* Work instruction *
Your answer should hold exactly the lines below from the line with "Dr. Moss working" through the line with "Long cutting tables", both included, and no pictures at all.

* Task inputs *

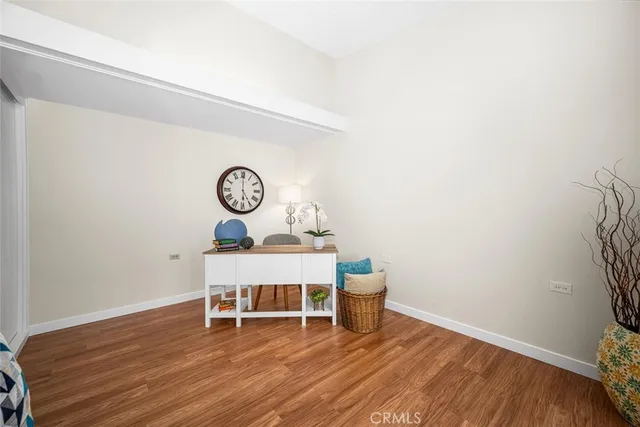 a view of a room with a wooden floor and a table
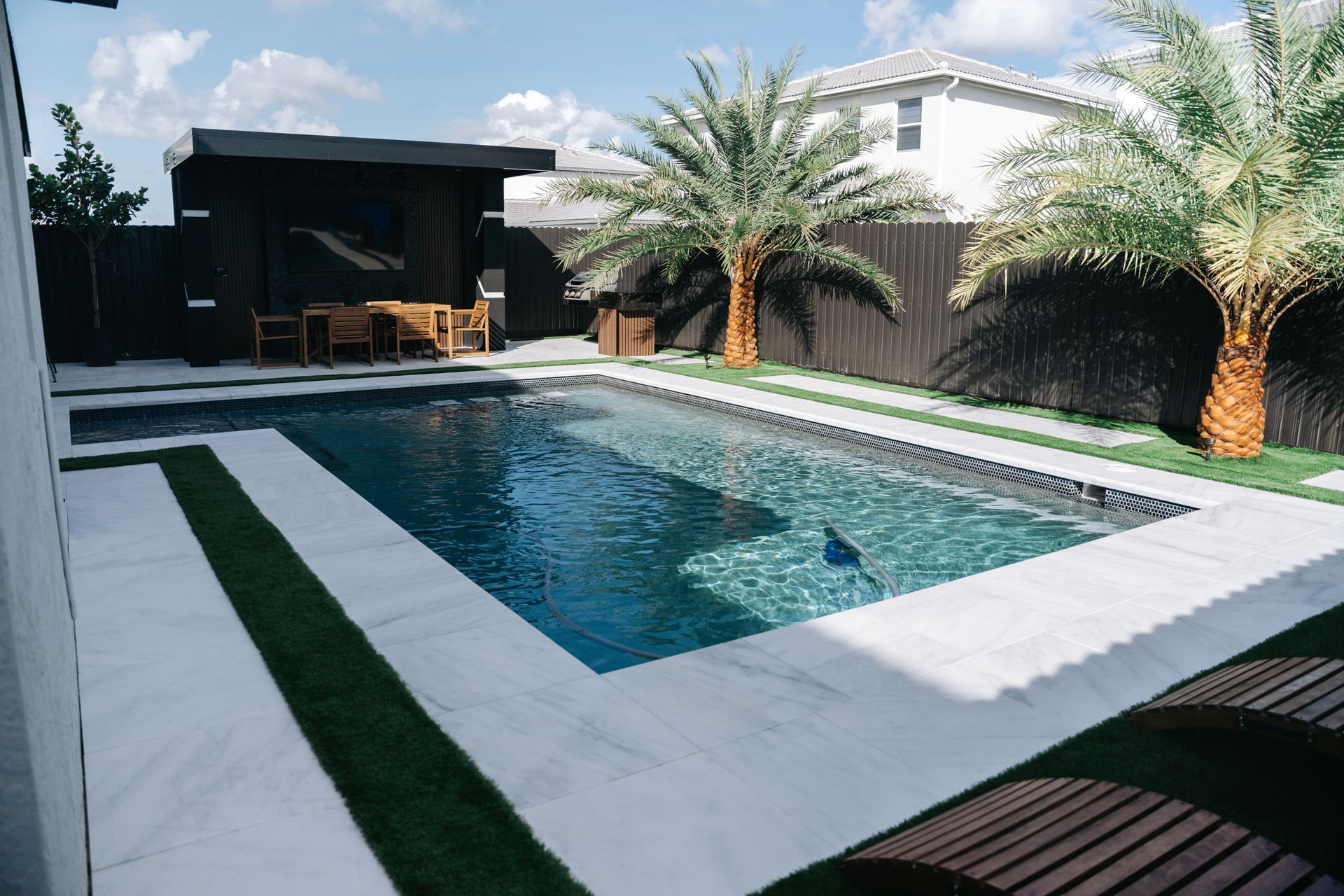 A large swimming pool in the backyard of a house surrounded by palm trees.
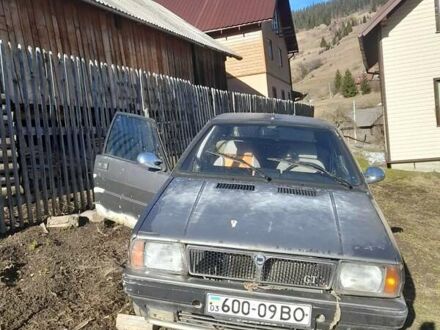 Сірий Лянча Delta, об'ємом двигуна 1.6 л та пробігом 100 тис. км за 399 $, фото 1 на Automoto.ua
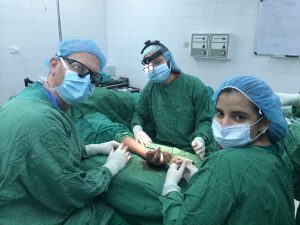 Dr. Moss working with Honduran colleagues to reconstruct a thumb injured in a motorcycle accident.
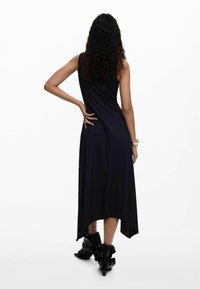 Czarna, bezrękawnikowa sukienka z asymetrycznym dołem i gładką, miękką teksturą. Noszona z błyszczącymi czarnymi botkami za kostkę.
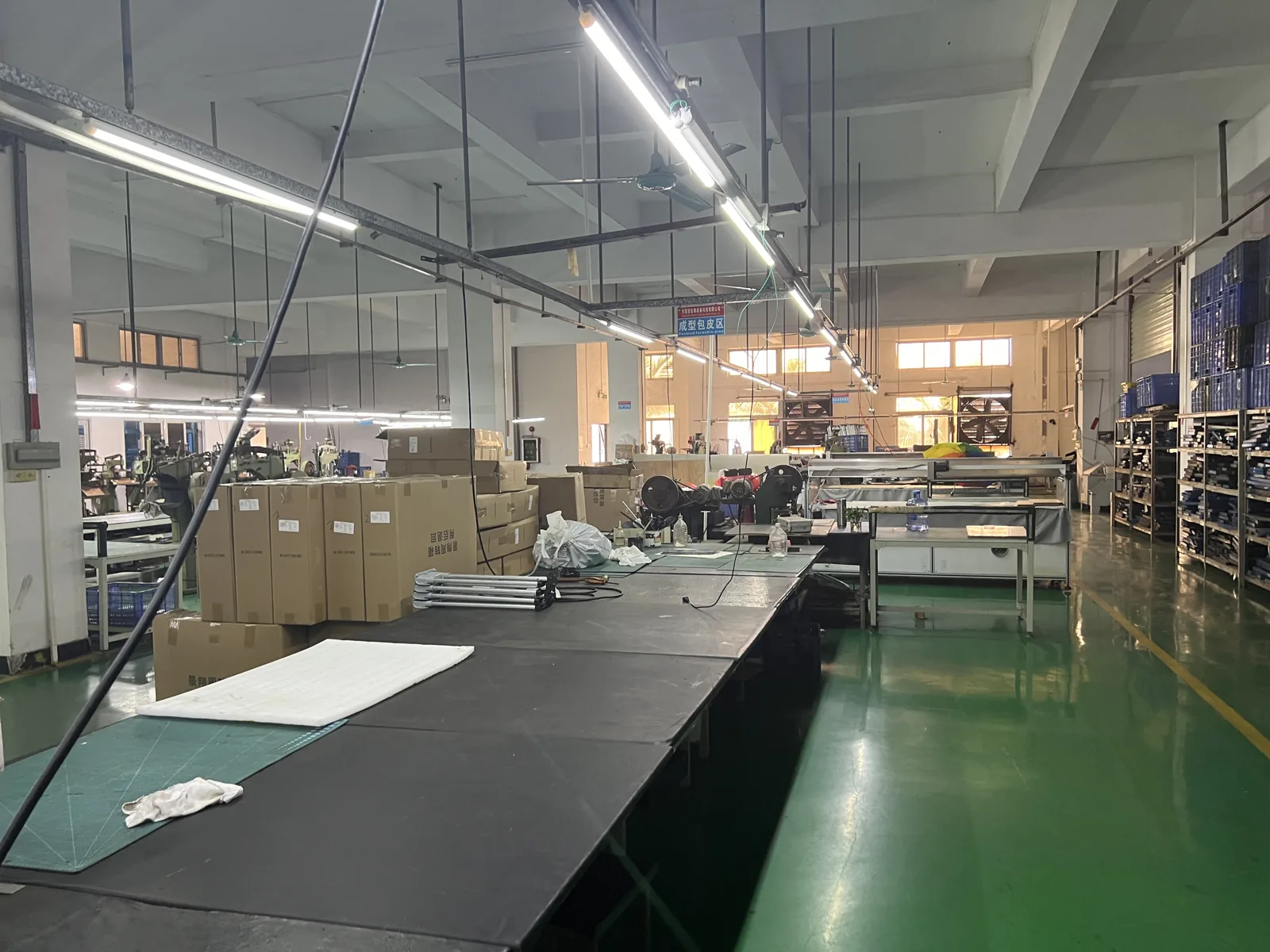 Long cutting tables with sewing machines behind and cartons of components stacked to one side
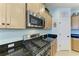 Stainless steel appliances and granite countertops highlight this kitchen at 4716 Foxtail Dr, Parrish, FL 34219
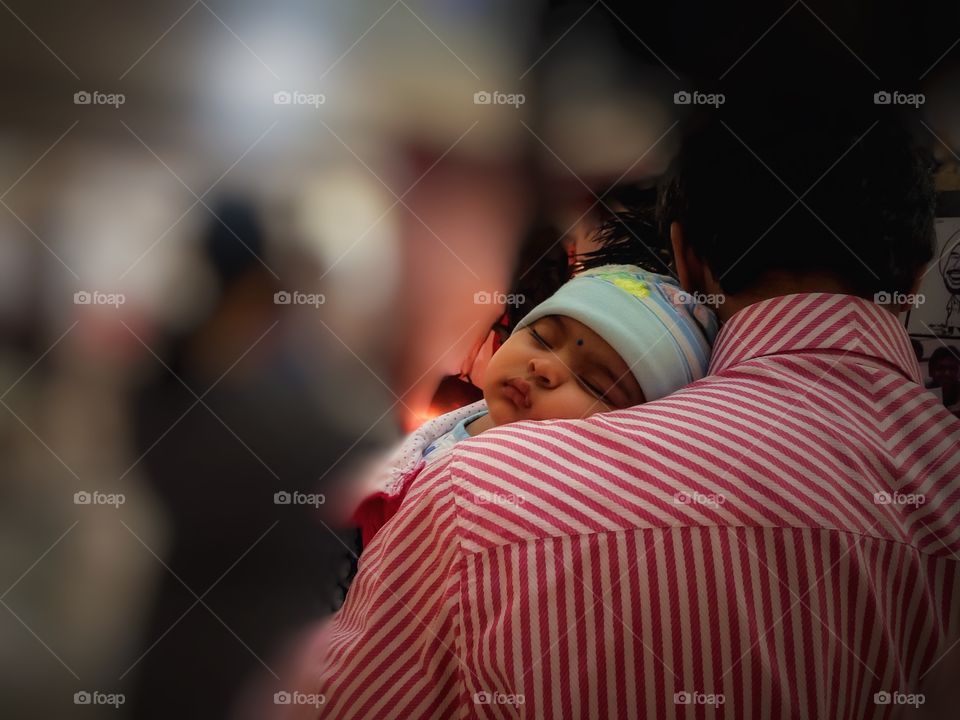 Strong shoulders. Baby sleeping on her dad's shoulder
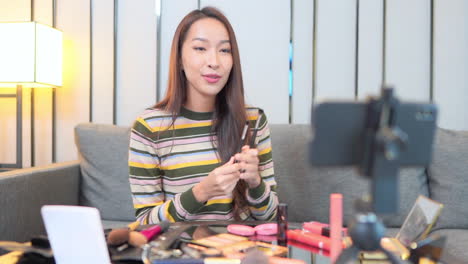 Woman-Making-Vlog-about-Cosmetics-with-Smartphone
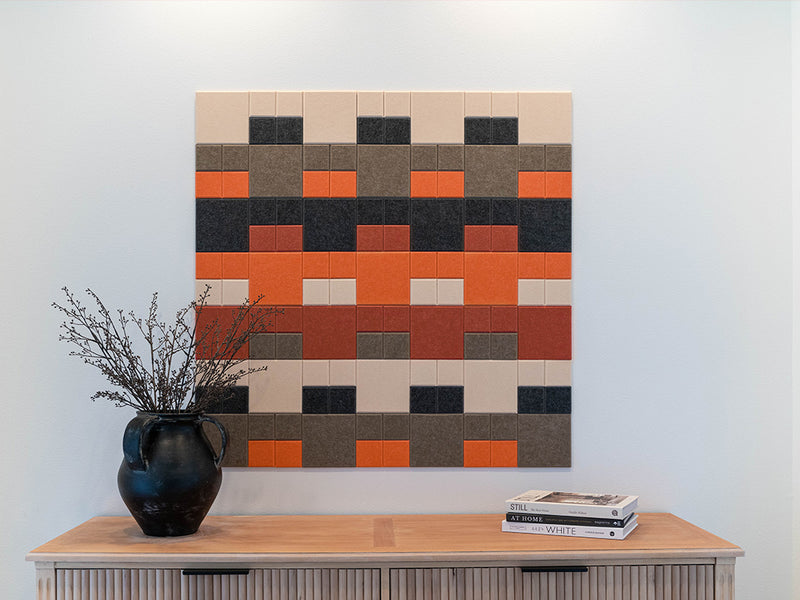 Colorful geometric wall art above a wooden cabinet with a vase and books.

* Solution to this exercise *
 Dr. Moss working with Honduran colleagues to reconstruct a thumb injured in a motorcycle accident.
 Czarna, bezrękawnikowa sukienka z asymetrycznym dołem i gładką, miękką teksturą. Noszona z błyszczącymi czarnymi botkami za kostkę.
 Long cutting tables with sewing machines behind and cartons of components stacked to one side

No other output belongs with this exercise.